Ma la Russia non è la prima a lanciare un impianto nucleare galleggiante. Tra il 1968 e il 1975, attraverso una nave riconvertita, la MH-1A, gli Stati Uniti producevano elettricità a Panama. Anche la Cina, che con la Russia ha dei forti legami politico-economici sarebbe intenzionata a produrre circa 20 impianti nucleare galleggianti entro i prossimi dieci anni.

Le preoccupazioni per l’ambiente

Ma secondo la ong ambientale Greenpeace, visto anche il recente incidente nucleare nella regione siberiana, i rischi per l’ambiente sarebbero molti. Tanto che già due anni fa Greenpeace aveva descritto il progetto come un «Titanic nucleare» o «la Chernobyl sul ghiaccio». Secondo gli ambientalisti il nuovo progetto russo sarebbe solo uno specchietto per le allodole per attrarre investimenti stranieri.
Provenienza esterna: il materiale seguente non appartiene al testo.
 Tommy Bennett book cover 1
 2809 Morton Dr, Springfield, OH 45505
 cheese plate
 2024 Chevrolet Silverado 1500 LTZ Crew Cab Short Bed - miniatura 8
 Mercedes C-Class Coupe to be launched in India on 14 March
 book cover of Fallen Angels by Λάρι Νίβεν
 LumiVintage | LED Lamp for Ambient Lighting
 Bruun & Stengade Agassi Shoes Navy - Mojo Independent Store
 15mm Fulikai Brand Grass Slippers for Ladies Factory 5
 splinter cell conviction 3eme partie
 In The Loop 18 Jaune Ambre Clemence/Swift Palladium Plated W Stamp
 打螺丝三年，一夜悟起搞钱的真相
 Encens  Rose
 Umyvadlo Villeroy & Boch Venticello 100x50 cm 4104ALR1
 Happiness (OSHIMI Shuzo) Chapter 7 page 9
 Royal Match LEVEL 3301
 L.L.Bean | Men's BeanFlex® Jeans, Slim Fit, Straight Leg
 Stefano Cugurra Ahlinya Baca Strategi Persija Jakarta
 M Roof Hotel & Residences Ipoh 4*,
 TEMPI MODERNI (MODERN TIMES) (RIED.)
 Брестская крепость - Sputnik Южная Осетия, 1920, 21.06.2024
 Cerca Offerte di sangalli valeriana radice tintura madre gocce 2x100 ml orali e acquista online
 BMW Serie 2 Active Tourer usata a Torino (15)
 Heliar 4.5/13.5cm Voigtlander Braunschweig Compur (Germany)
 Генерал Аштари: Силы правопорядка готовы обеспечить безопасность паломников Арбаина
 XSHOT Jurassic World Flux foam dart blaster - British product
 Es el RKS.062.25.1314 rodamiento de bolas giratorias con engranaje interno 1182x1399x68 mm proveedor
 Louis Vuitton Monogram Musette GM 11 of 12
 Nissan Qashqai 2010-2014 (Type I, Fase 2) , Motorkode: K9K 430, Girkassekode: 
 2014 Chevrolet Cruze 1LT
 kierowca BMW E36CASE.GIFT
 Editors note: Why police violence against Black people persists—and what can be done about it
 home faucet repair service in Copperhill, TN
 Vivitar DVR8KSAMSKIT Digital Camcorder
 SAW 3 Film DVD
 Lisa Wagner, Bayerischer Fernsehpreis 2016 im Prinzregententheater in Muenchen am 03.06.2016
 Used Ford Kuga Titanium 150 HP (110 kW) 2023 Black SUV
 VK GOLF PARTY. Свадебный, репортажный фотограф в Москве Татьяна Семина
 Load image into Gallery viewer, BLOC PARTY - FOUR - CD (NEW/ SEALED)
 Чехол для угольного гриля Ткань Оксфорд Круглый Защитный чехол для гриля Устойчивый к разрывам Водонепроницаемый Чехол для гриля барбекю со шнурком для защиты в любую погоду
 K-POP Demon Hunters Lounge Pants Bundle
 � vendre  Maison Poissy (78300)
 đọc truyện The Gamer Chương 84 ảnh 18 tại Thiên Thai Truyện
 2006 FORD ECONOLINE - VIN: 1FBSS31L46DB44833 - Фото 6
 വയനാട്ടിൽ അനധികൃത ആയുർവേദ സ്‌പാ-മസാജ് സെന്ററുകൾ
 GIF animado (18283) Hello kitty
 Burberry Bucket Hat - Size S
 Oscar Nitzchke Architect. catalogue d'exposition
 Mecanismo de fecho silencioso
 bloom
«Siamo sicuri che non sia stato costruito per rispondere alle necessità energetiche della regione di Chukotka, ma come un modello da mostrare a possibili clienti stranieri», ha dichiarato Rashid Alimov, responsabile per la ong delle campagne nucleari.

Ma da Mosca ribattono e a Murmansk, l’esperto di sicurezza nucleare Andrey Zolotkov afferma che non ci sono grandi ragioni per preoccuparsi della gestione del combustibile nucleare esaurito se la centrale verrà rimorchiata alla base di Rosatomflot.

«La gestione del combustibile nucleare esaurito attraverso la base Atomflot è già una pratica consolidata, compreso l’ulteriore trasporto ferroviario», ha ha raccontato in un’intervista Skype al quotidiano norvegese Barents Observer.

I piani di Mosca per l’Artico

Una recente inchiesta di Barents Observer ha mostrato come l’ultimo gioiello tecnologico dell’agenzia nucleare russa rientri nei più ampi piani di Mosca per uno sfruttamento delle nuove vie dell’Artico.

Il documento elenca i nuovi sottomarini missilistici multiuso e balistici attualmente in costruzione a Severodvinsk. Sottolinea inoltre come Mosca abbia costruito nuovi sistemi di consegna di armi nucleari alimentati da piccoli reattori nucleari, come il missile Burevestnik e il drone sottomarino Poseidon.

Secondo l’elenco ci sono oggi 39 navi o installazioni a propulsione nucleare nell’Artico russo per un totale di 62 reattori. Ciò include 31 sottomarini, una nave da guerra di superficie, cinque rompighiaccio, due centrali nucleari a terra e una galleggiante.

Tra 15 anni, si stima che il numero di navi, compresi sottomarini e installazioni alimentate da reattori, salirà a 74 con un totale di 94 reattori, forse addirittura 114. Tanto che per il Barents Observer «entro il 2035, nell’Artico russo ci saranno le acque più nuclearizzate del pianeta».